There was a flap of activity outside and he swore as he bounced down the verandah stairs.
We laughed out loud.
‘I think I’d better take him home,’ I said.
‘Good idea.’
She leaned across the table and kissed my cheek. It was soft lips on stubbled skin, but it was so much more than that. It was supposed to be a kiss goodbye but it felt like a kiss hello. Bully moaned from the bottom of the steps.
I smiled and made it to the door myself before it dawned on me . . .
‘I don’t have a car. Mum and Dad took the ute to Melbourne.’
Tori didn’t hesitate. ‘Take mine, the keys are in it.’
‘I’ll stay in town tonight. Is that okay?’
‘Of course! Bring the car back in the morning? Before, say, eight-thirty?’
Bully wanted to stick his head out the window and sing more Madonna songs on the way to Splitters Creek. Who was I to argue with a tanked Bullant?
Twenty-four
Francis was ready for school when I made it to Hargate. I felt a bit guilty seeing him in his uniform. School had resumed a week before and I hadn’t called anyone to let them know that I was coming back. Eventually.
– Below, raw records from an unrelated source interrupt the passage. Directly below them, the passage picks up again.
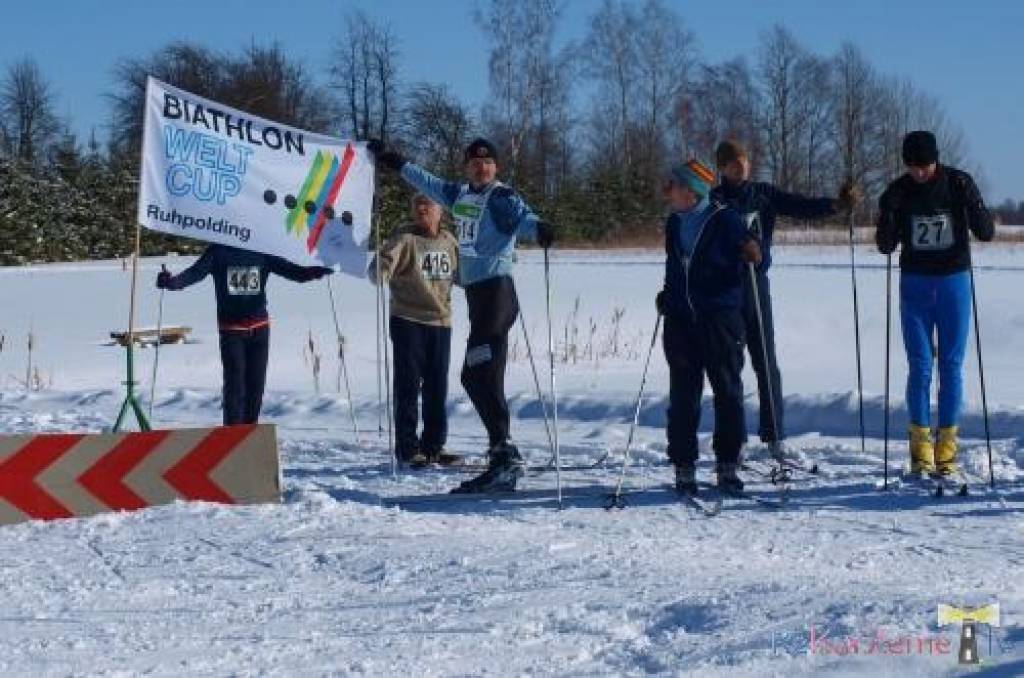 Lažas pagasta viesu namā “Lejasraķi” 6. martā notika slēpotāju svētki, ziemas sporta inventāra izpārdošana un konsultācijas.
Autors: ReKurZeme, portāls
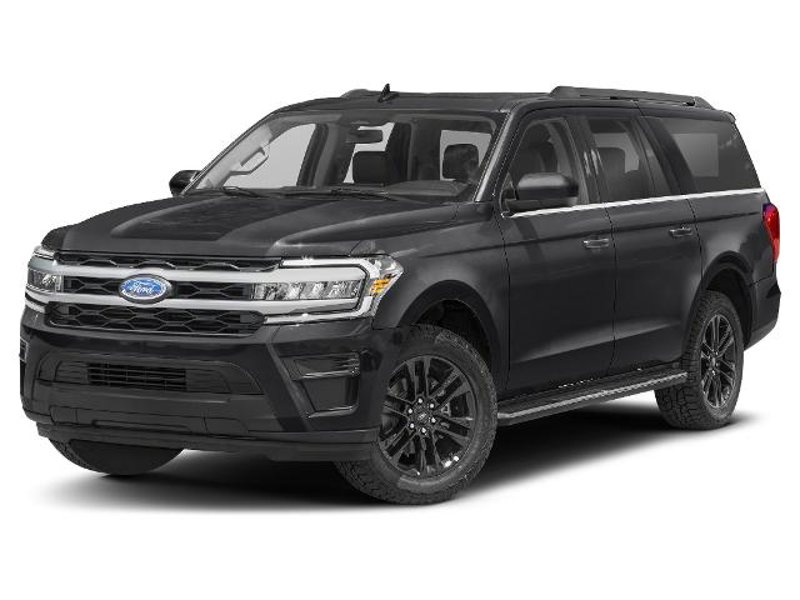 Certified 2022 Ford Expedition Max XLT image 1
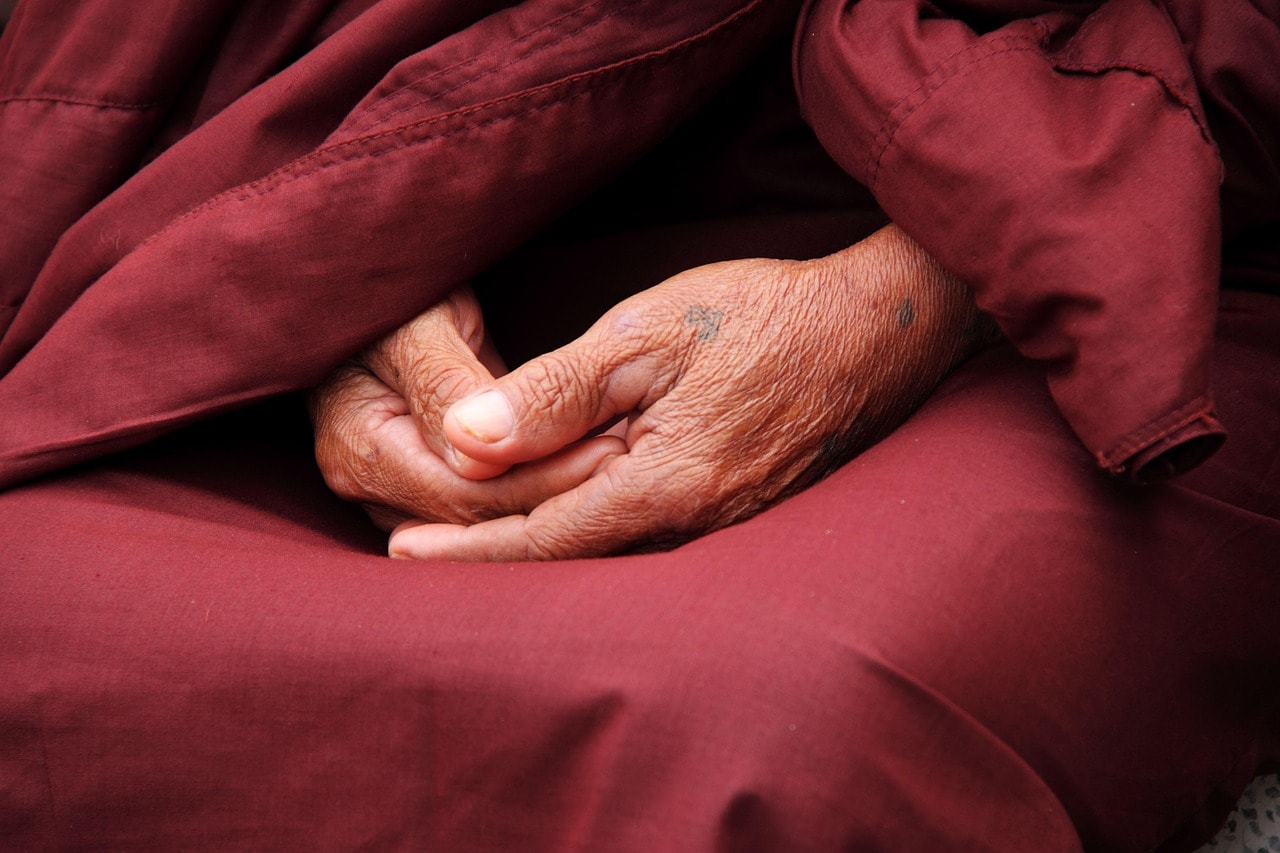 The Monk Who Gave Up Enlightenment for a Kitten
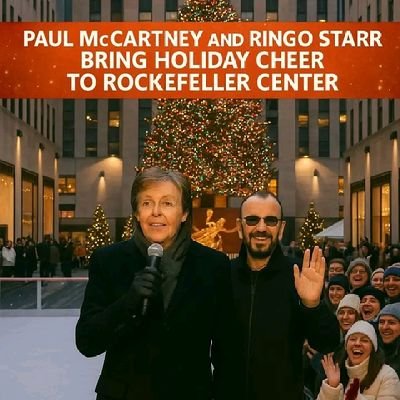 GChadwick16578's profile picture. PAUL McCARTNEY HONORED WITH 22-FOOT STATUE ON NATIONAL MALL – TRUMP PULLS THE COVER IN EMOTIONAL CEREMONY

Sir Paul McCartney, 83, became the first living music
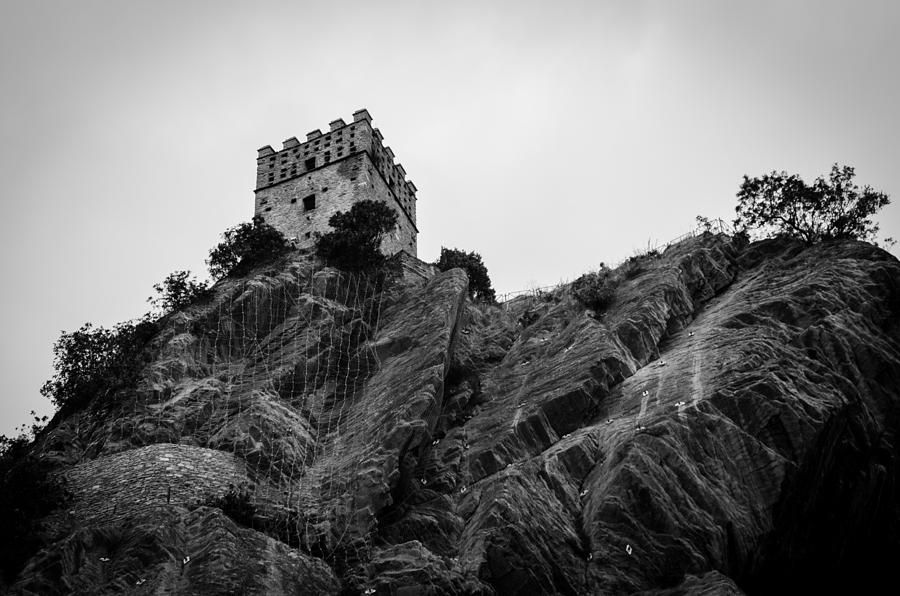 The Fortress Photograph by AM FineArtPrints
Tori looked tired and genuinely happy to see me. There was no morning after. She smiled and thanked me and kissed me hello like it really was the normal thing to do. Francis offered to make me some toast for breakfast, his mum nodding furiously at me over his shoulder.
‘With Vegemite?’ I asked.
‘Yep,’ Francis said. ‘Coming right up.’
Tori made coffee and we talked in private tones as Francis cooked up a storm. Well, a cloud. A small smoke cloud.
‘All right?’ I asked Tori.
‘Fine,’ she said. ‘Great, actually. Thanks.’
‘What? I didn’t do anything.’
‘Exactly,’ she whispered. ‘You didn’t have to.’
Francis scraped the burnt bits off my toast into the sink and lathered it up with butter and black stuff. I chomped at it and groaned approvingly.